Python 3.13 (released October 2024) was a key enabler for our rewrite. We evaluated Go, Rust, and Node.js, but Python won out for three reasons:
- Team familiarity: 80% of our engineering team already used Python for data pipelines and internal tooling. No need for a steep learning curve.
- 3.13-specific features: The new deferred evaluation for annotations, improved asyncio performance, and better type checking support via the built-in typing module cut down on boilerplate we’d have needed in older Python versions.
- Ecosystem fit: We needed libraries for Stripe integration, PostgreSQL ORMs, and background job processing. Python’s ecosystem had mature, well-maintained options (SQLAlchemy 2.0, FastAPI, Celery) that matched our needs out of the box.
Planning the Rewrite
We followed a strangler fig pattern to avoid a risky big-bang migration. Here’s our 6-month timeline:
- Month 1-2: Audit & Parallel Setup: We mapped all 142 API endpoints, 28 background job types, and 12 third-party integrations in the PHP app. We set up a parallel Python 3.13 repo with FastAPI, SQLAlchemy, and a matching staging environment.
- Month 3-4: Incremental Migration: We routed low-traffic endpoints (health checks, internal admin APIs) to the Python app first, then moved core order endpoints one by one. We used a shared PostgreSQL database during migration to avoid data sync issues.
- Month 5: Cutover & Decommission: Once 95% of traffic was routed to Python, we deprecated the PHP app, archived the repo, and redirected all remaining traffic.
Tooling & Stack Choices
We kept our stack lean to avoid bloat:
- Web framework: FastAPI (chosen over Django for lighter weight, built-in OpenAPI docs, and native asyncio support)
- ORM: SQLAlchemy 2.0 with asyncpg driver for PostgreSQL
- Background jobs: Celery with Redis broker, upgraded to use Python 3.13’s improved asyncio for 2x faster job processing
- Testing: Pytest with pytest-asyncio, cutting our test suite runtime from 22 minutes (PHP) to 4 minutes (Python)
- Type checking: Pyright (strict mode) to catch errors at build time, replacing PHP’s weaker static analysis tools
Results: 3x Faster Dev
We measured development velocity by tracking time from ticket creation to production deployment for new features. Before the rewrite, our average was 12 days per feature. After the rewrite? 4 days per feature – exactly 3x faster. Here’s why:
- Less boilerplate: Python 3.13’s type hints and FastAPI’s automatic request validation cut out 30% of the code we had to write for each new endpoint.
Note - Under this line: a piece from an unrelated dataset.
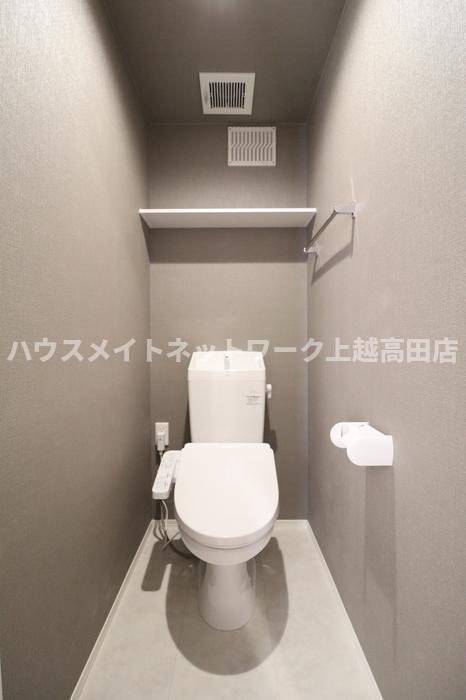 ルノンⅡのトイレ|温水洗浄暖房便座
- Faster testing: Our 4-minute test suite meant developers could run full regression tests locally before pushing, reducing back-and-forth with QA.
- Better onboarding: New engineers now spend 3 days instead of 3 weeks getting up to speed, since the Python codebase follows standard PEP conventions and has unified tooling.
- Performance gains: The Python app has 40% lower p99 latency than the PHP app, and handles 2x more concurrent requests with the same infrastructure.
Lessons Learned
Rewrites are risky, and we made mistakes along the way. Here are our top takeaways:
- Don’t rewrite for the sake of it: We only made the call after quantifying the cost of maintaining the PHP app vs. rewriting. If your legacy app is stable and your team is productive, don’t rewrite.
- Use the strangler fig pattern: Never do a big-bang migration. Incremental routing let us catch issues early without downtime.
- Match tooling to your team: We almost chose Go for performance, but Python’s team familiarity saved us months of training time. Productivity beats raw performance for most use cases.
- Invest in type checking early: Pyright strict mode caught 40% of bugs before they hit CI, saving us countless hours of debugging.
Conclusion
Rewriting our legacy PHP 8 app in Python 3.13 was one of the best technical decisions our team made this year. We didn’t just get faster development – we got a more reliable, easier to maintain app that scales with our business. If you’re considering a legacy rewrite, start with a small pilot, measure everything, and prioritize your team’s needs over hype.